## Data shown
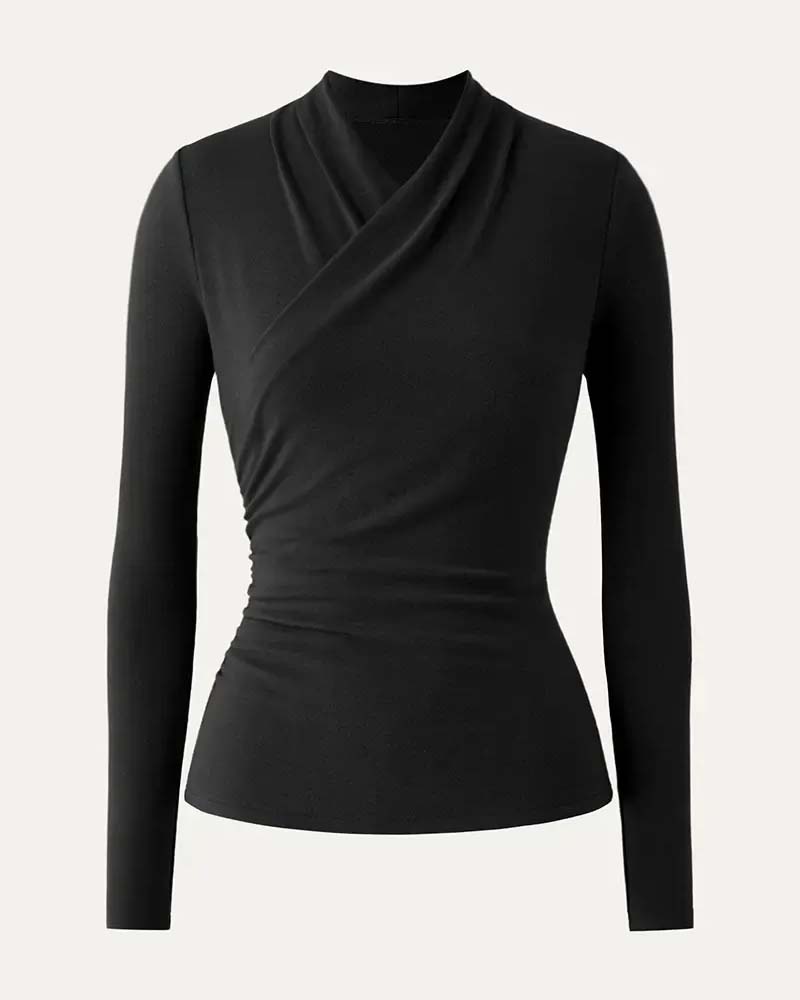 Cross V-neck Pleated Waist Long-sleeve Top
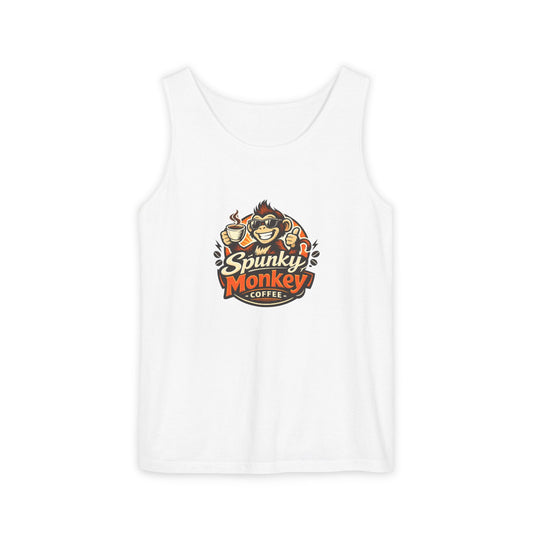 Spunky Monkey Coffee Logo Tank Top — "Get Spunky!" Retro Coffee Shop Graphic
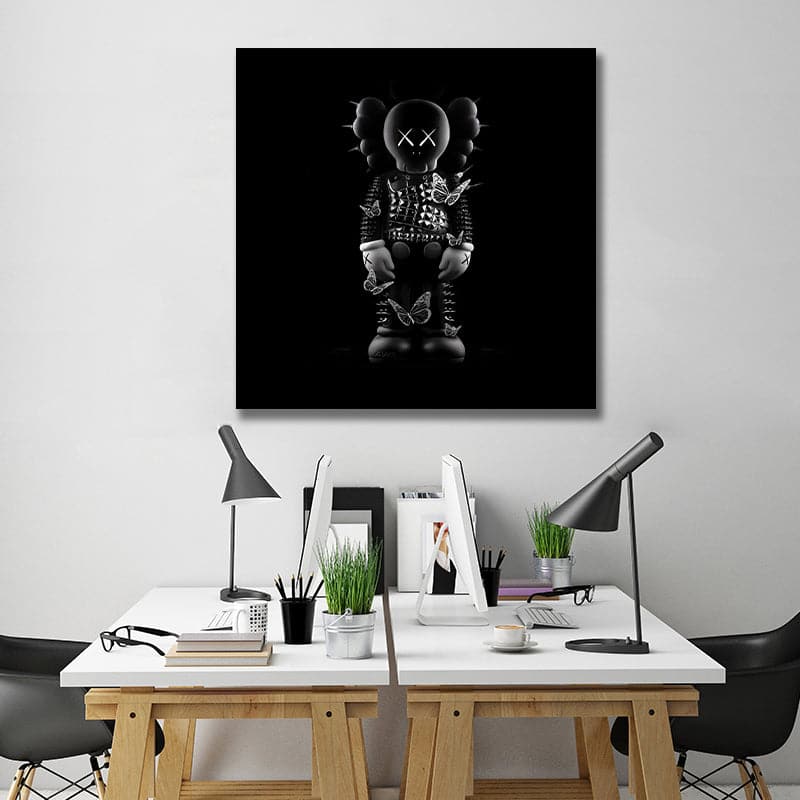Pine Stretched  Framed 1 Panel - Kaws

## Instructions for the task
Copy out, with no pictures, the lines from the one containing "Spunky Monkey Coffee" through the last line of the data above, both ends included and each word unchanged.

## Answer below
 Spunky Monkey Coffee Logo Tank Top — "Get Spunky!" Retro Coffee Shop Graphic
Pine Stretched  Framed 1 Panel - Kaws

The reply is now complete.